|
|
|
|
|
by benschulz
2181 days ago
|
|
My reading of the article's introduction is that Redis is adding this feature and are (among other things I'm sure) paying jepsen to test it. So this is them having tests. > If you follow basic software engineering principles, you'll find distributed systems easier to approach. When I implemented Paxos I had tests and when they failed they spit out an exact trace of what happened in what order and on what node. Sometimes it was still excruciating to figure out what happened. Here's[1] a comment which you can think of as a bug tombstone. It took me half a day to figure out after I had a trace to analyze the issue. [1]: https://github.com/benschulz/paxakos/blob/ee051ff67b5da6f287... |
|
Full-scale blackbox testing of a database system is similar to dogfooding. You only use it when you have high confidence that you have exhausted the possibilities of unit and integration tests. It's clear this project did not start with exhaustive unit tests.
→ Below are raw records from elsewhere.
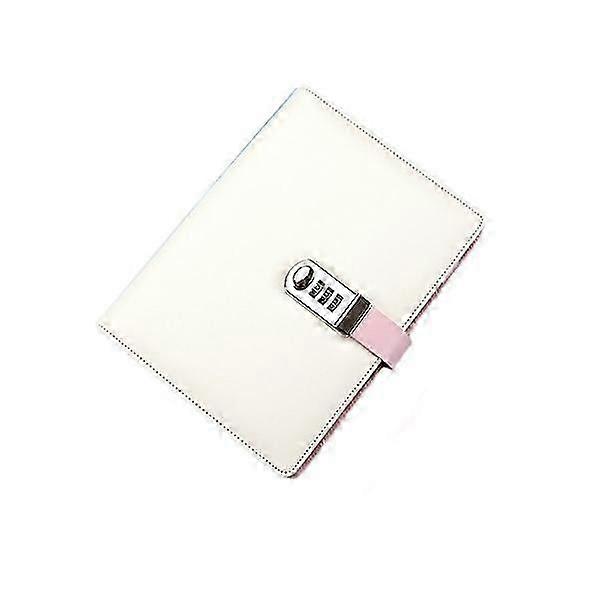 Lockable Notebook Durable Cartoon Planner Organizer with Lock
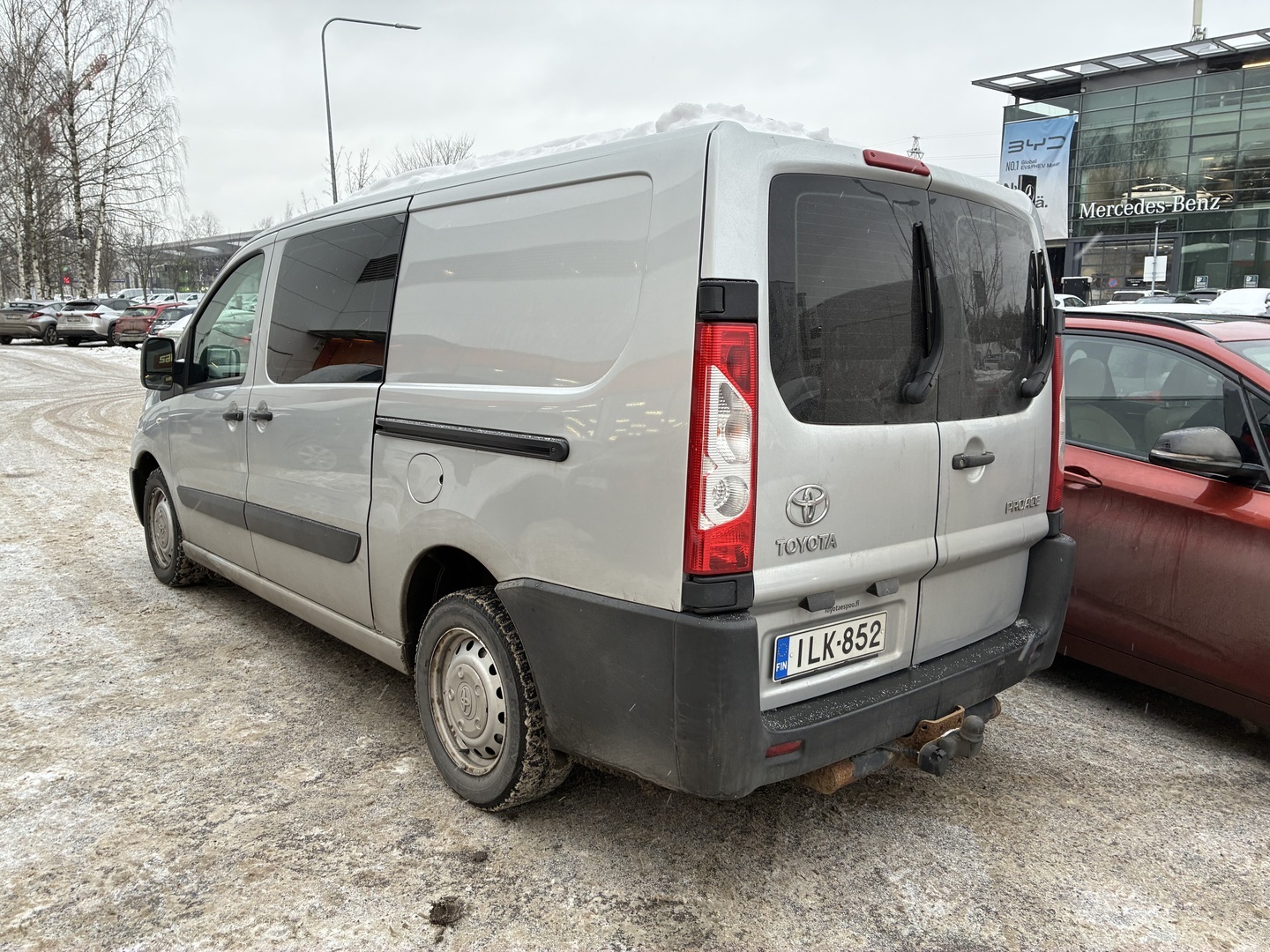 TOYOTA Proace 2016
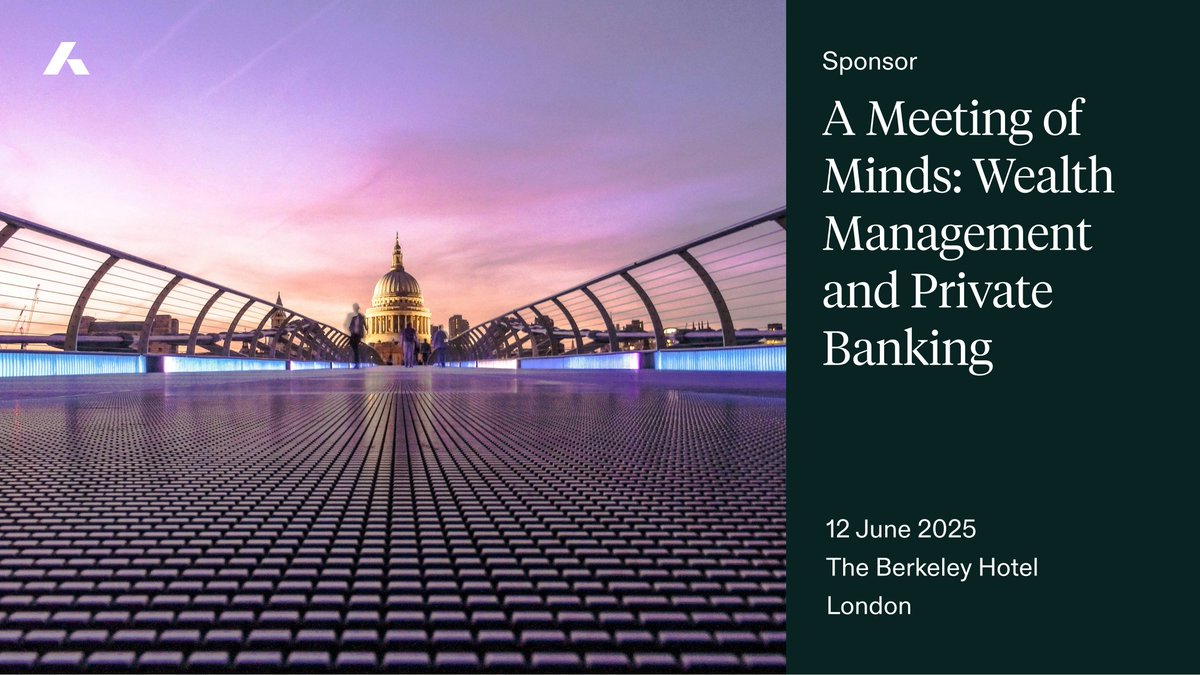 We’re hosting a roundtable at A Meeting of Minds: Wealth Management and Private Banking. 

Join us for a deep dive into AI implementation and how to balance these capabilities without losing the personal touch. We’ll see you in London on 12th June.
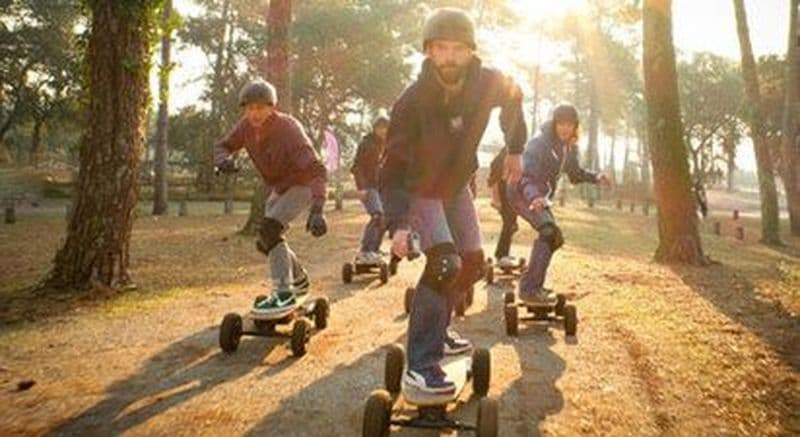 Billet Balade guidée en skate électrique à Labenne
It reminds me a bit of FoundationDB, which is also a terrible program nobody should entrust with data they ever want to see again. The first time I tried to use it it ran out of memory and crashed in about ten seconds. I found the problem, which was that their huge-page-aware allocator, which has no tests, had never actually been used by anybody on a machine with huge pages. It was a core library of a released database which had never been executed by anyone. This Redis thing is the same: nobody had ever said "RAFT SET foo bar", if they had done they would have seen the problem right away.